こんにちは。えいぷりおです。
2020年秋に出版された野原広子さんのコミックエッセイ『妻が口をきいてくれません』を読みました。
この本は、夫婦関係に悩むすべての人に読んでもらいたいです。
「あ、これは自分の物語だ…!」
「妻はあの時、こんなふうに苦しかったのか…」
「夫はあの時、こんなふうに悩んでいたのか…」
きっとこんなふうに共感したり、考えさせられたりして、何らかのヒントが得られると思います。
【夫婦関係の修復を目指して】
夫から見た世界 ~なぜ妻は無視するようになったのか~
この作品は、3部構成になっています。第1章は夫の視点で、第2章は妻の視点で描かれ、第3章では周囲の人たちが関わりながら、夫婦が新たなステージに進んでいきます。

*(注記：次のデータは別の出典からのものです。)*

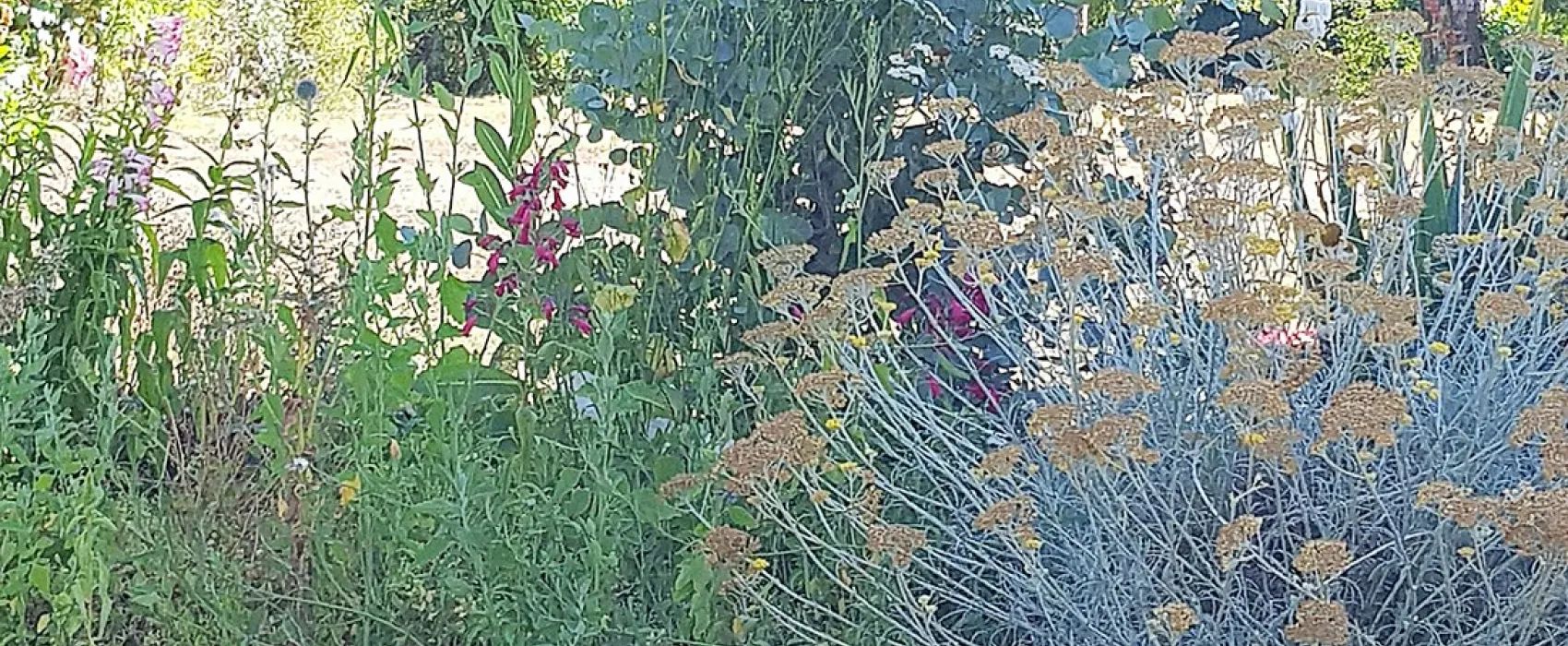 Camping Le Vieux Moulin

夫はある日を境に、妻から完全に無視されるようになります。最初は軽く考えていた夫は、徐々にその深刻さに気づき始めます。なんと妻の無視は、5年以上も続くことになるのです。
けれど、何が原因か分からない。教えてほしいと懇願しても無視される。次第に妻に話しかけることが恐怖になっていきます。
「最近、妻の近くにいると息ができない。うまく話せない。体が強張る」
僕には、この夫の心境が痛いほどよく分かります。僕も妻から無視されたり、何を言っても人格否定されるという経験をしてきたからです。
それはまさに「生き地獄」。どんなに努力しても、妻と一緒に生きていく道が見つけられず、離婚の二文字が迫ってくる…
追い詰められていく夫の心境に、僕は自分自身を重ね合わせて、胸が痛くなりました。
けれど第2章に入ると、その認識が180度覆されていくのです。
妻から見た世界 ~なぜ夫は共感してくれないのか~
第2章は妻の視点で描かれ、夫を無視するに至った心の動きが明らかになっていきます。
夫が何気なく発した言葉の数々によって、妻はどれほど傷つけられてきたのか…
夫の存在を心の中から消してしまわなければ生きていけないほどに、どうしようもなく追い詰められていく妻の悲しみが描かれていきます。
そして、夫のすべてが嫌いになっていく心境が語られます。
「一度嫌いになったら転げ落ちるようにどんどん嫌いになっていく。歩く音が嫌い。歯磨きの音が嫌い。服のぬぎ方が嫌い。靴下のぬぎ方が嫌い。食べ方が嫌い。ドアの閉め方が嫌い…」
僕の妻もこんなふうに僕のことを嫌いになっていったのか… 妻の心の中を覗いてしまったような気持ちになって、息が苦しくなりました。
第1章で夫に共感していた自分が、第2章では夫の愚かさに自分を重ねて打ちひしがれる… この作品は読む者の心を激しく揺さぶります。
ふたりが進んでいく世界 ~周囲の人たちとの関わりの中で~
そして最終章、会話のなかった5年以上の月日を経て、夫婦は新たなステージに進んでいきます。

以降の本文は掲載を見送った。